Human rights

Kenya: New report reveals widespread human rights violations behind wildlife conservancies

Devastating new report from the US-based Oakland Institute, Kenya’s wildlife ‘conservancies’, visitors to which include British Royals, are involved in the eviction, torture and murder of indigenous people local. Survival has reported such horrific abuses in conservation projects in Kenya for the past 10 years.

The new report investigates the infamous Northern Rangelands Trust (NRT), an organization of 39 “community conservatories” that now cover 42,000 km², or nearly 8% of Kenya. These were former grazing areas of pastoral communities, but have been transformed into “conservation areas”, controlled by the NRT, from which indigenous peoples are violently excluded, and which draw massive funds from carbon trading. , grants from donor countries and luxury goods. safari camps and lodges.

The NRT was the initiative of Ian Craig, whose family owned a 62,000 acre cattle ranch, which has been turned into the Lewa Wildlife Conservancy. Lewa was where Prince William and Kate Middleton got engaged, and Craig remains NRT’s “head of conservation and development”.

In the report “Stealth Game:” community “conservancies devasate land and lives in north Kenya”, investigators detail shocking revelations about the functioning of these so-called “conservancies”, including:

– the dispossession of the natives and other local populations of their lands;
– multiple allegations of abuse and torture, including extrajudicial killings and disappearances;
– the use of militarized security forces, some formed by a company run by Ian Craig’s son;
– the massive takeover of land by a few wealthy individuals, driving pastoralists out of their land;
– intimidation, including arrests and interrogations of members and leaders of the local community.

The areas currently under “conservation” are the ancestral grazing lands of pastoral peoples such as the Samburu and Maasai, who have managed these lands since time immemorial.

Many reserves, including private ones like Ol Jogi (owned by the billionaire Wildenstein family) now host luxury safari camps. Ol Jogi would cost $ 210,000 to rent for a week; another, Sarara Lodge, is described by one of its tour operators as “a mission of salvation, not only for the wildlife and the grasslands, but also for the Samburu people”.

The report also reveals that the NRT receives millions of dollars in government grants – from the EU, US government agencies, Danida of Denmark, AFD of France, and others – as well as considerable sums from major corporations. conservation agencies, including The Nature Conservancy, Conservation International, WWF, Fauna & Flora International, March to the Top, Space for Giants, Save the Elephants, Rhino Ark, Tusk and International Elephant Foundation.
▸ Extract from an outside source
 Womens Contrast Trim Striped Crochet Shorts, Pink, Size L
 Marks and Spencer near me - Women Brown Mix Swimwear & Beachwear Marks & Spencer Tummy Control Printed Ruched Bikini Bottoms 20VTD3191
Fiore Longo, Head of Survival’s Decolonize Conservation Campaign, said today: “Worryingly, NRT is increasingly turning to opaque and questionable carbon trading and carbon offsetting as another source of revenue. , and this is seen as a model by the EU in their new NaturAfrica project, despite the abundant evidence of human rights violations.

Kenyan conservationist and conservation expert Dr Mordecai Ogada said today: “NRT is an idea that started small (and perhaps with good intentions), but has now grown into a huge bubble financially and socially. unsustainable, straddling northern Kenya with quasi-governmental power. By manipulating cultural structures, they trapped communities in their artificial “conservation” model and donors in their Byzantine financial network. The longer this edifice lasts, the more perilous its inevitable dismantling will be. “

Caroline Pearce, Executive Director of Survival International, said today: “Kenya’s ‘conservatories’ have long cultivated an image of luxury in harmony with nature, unspoiled African landscapes and happy locals, often dressed in quaint clothes. . But – as Survival has long argued and researchers at the Oakland Institute amply demonstrate – it is simply a veneer of exploitation and abuse of power to the detriment of natives and other populations. local.

“Survival has gathered testimonies from around the world, detailing how this model of fortress conservation leads to the eviction of indigenous peoples from their own lands and to the abuse and terror of those who dispossess them. This is yet another example of why traditional conservation practices must change on a fundamental level, and why the world’s tolerance for appalling abuses disguised as friendly “conservation” must end. The NRT must be held to account.